Sahih International:
He will surely cause them to enter an entrance with which they will be pleased, and indeed, Allah is Knowing and Forbearing.
İngilizce:
Verily He will admit them to a place with which they shall be well pleased: for Allah is All-Knowing, Most Forbearing.
Azerbaycanca:
(Allah) onları razı qalacaqları (xoşhal olacaqları) bir yerə (Cənnətə) daxil edəcəkdir. Həqiqətən, Allah (hər şeyi) biləndir, (bəndələrinə qarşı) həlimdir!
Süleyman Ateş:
Onları razı olacakları bir yere sokacaktır. Doğrusu Allah, bilendir, halimdir.
Diyanet Vakfı:
Allah onları, herhalde memnun kalacakları bir girilecek yere sokacaktır. Allah, kesinlikle tam bir bilgi sahibidir, halimdir.
Erhan Aktaş:
Onları kesinlikle hoşnut olacakları bir yere yerleştirecektir.
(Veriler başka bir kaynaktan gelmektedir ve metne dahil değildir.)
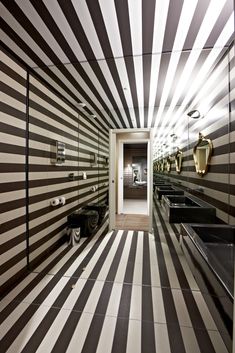 a bathroom with black and white stripes on the walls, sinks and mirrors in it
Allah, Her Şeyi Bilen’dir, Çok Şefkatli’dir.
Kral Fahd:
Onları, hoşnut olacakları bir yere sokacaktır. Şüphesiz Allah, her şeyi hakkıyla bilendir; ceza vermekte de aceleci değildir.
Hasan Basri Çantay:
O, her halde bunları hoşnud olacakları bir yere sokacakdır. Muhakkak ki Allah onlar (ın niyyetlerini) hakkıyle bilendir, (ıkaab hususundaki) hılmi cidden gaalibdir.
Muhammed Esed:
(ve dolayısıyla,) onları, mutlaka, son derece hoşnut kalacakları bir (varoluş) konumuna eriştirecektir; çünkü Allah, mutlak ve sınırsız bilgi sahibidir, halimdir.
Gültekin Onan:
Onları, kendisinden gerçekten hoşnut kalacakları bir yere sokacaktır. Şüphesiz Tanrı, bilendir, halimdir.
Ali Fikri Yavuz:
Allah onları, hoşnud olacakları bir yere (cennete) elbette koyacaktır. Çünkü Allah Alîm’dir= iyiliklerini bilir, Halîm’dir= canilerin cezasını geciktirir.
Portekizce:
Em verdade, introduzi-los-á em um lugar que comprazerá a eles, porque Deus é tolerante, Sapientíssimo.
İsveççe:
Han kommer att ge dem ett mottagande, som [helt och fullt] tillfredsställer dem. Gud vet allt och har överseende [med era brister].
Farsça:
مسلماً آنان را به جایگاهی که آن را می پسندند وارد می کند؛ و بی تردید خدا دانا و بردبار است.
Kürtçe:
سوێند بەخوا، خوا ئەوانە دەخاتە جێگایەک کەپێی ڕازی دەبن
وە بێگومان خوا زانا و لەسەر خۆیە
Özbekçe:
Албатта, У зот уларни ўзлари рози бўладиган жойга киритур. Албатта, Аллоҳ ўта билгувчи ва ҳалим зотдир.
Malayca:
Sudah tentu Allah akan memasukkan mereka (yang tersebut itu) ke tempat yang mereka sukai (Syurga), dan sesungguhnya Allah Maha Mengetahui, lagi Maha Penyabar.
Arnavutça:
Ai do t’i shpie ata, në vendin ku, me të vërtetë, do të jenë të kënaqur! Perëndia me të vërtetë, është i Plotëdijshëm dhe i butë.
Bulgarca:
Ще ги въведе Той в място, което ще им хареса. Аллах е всезнаещ, всеблаг.
Sırpça:
Он ће их у место којим ће они бити задовољни заиста увести! – А Аллах све зна и благ је.
Çekçe:
A věru je uvede na místo, jež se jim bude líbit; a Bůh zajisté je vševědoucí, soucitný.
Urduca:
وہ انہیں ایسی جگہ پہنچائے گاجس سے وہ خوش ہو جائیں گے بے شک اللہ علیم اور حلیم ہے
Tacikçe:
Ононро ба ҷое дароварад, ки аз он хушнуд бошанд. Ва албатта Худо донову собирает!
Tatarca:
Дәхи аларны яхшы урынга хөрмәтләп кертер, алар Аллаһудан риза булырлар, әлбәттә, Аллаһ һәркемнең күңелен вә эшен белүче вә мөэминнәргә йомшактыр.
Endonezyaca:
Sesungguhnya Allah akan memasukkan mereka ke dalam suatu tempat (surga) yang mereka menyukainya. Dan sesungguhnya Allah Maha mengetahui lagi Maha Penyantun.
Amharca:
የሚወዱትን መግቢያ (ገነትን) በእርግጥ ያገባቸዋል፡፡ አላህም በእርግጥ ዐዋቂ ታጋሽ ነው፡፡
Tamilce:
நிச்சயமாக அல்லாஹ், அவர்கள் திருப்திபடுகின்ற இட(மான இன்பங்கள் நிறைந்த சொர்க்க)த்தில் அவர்களை பிரவேசிக்க செய்வான். நிச்சயமாக அல்லாஹ் நன்கறிந்தவன், மகா சகிப்பாளன் ஆவான்.
Korece:
그분은 그들이 기뻐하는 천 국으로 들게 하니 실로 하나님은 지혜와 은혜로 충만하심이라
Vietnamca:
Ngài chắc chắn sẽ đưa họ vào một nơi mà họ sẽ vô cùng hài lòng. Quả thật, Allah là Đấng Hằng Biết, Hằng Chịu Đựng.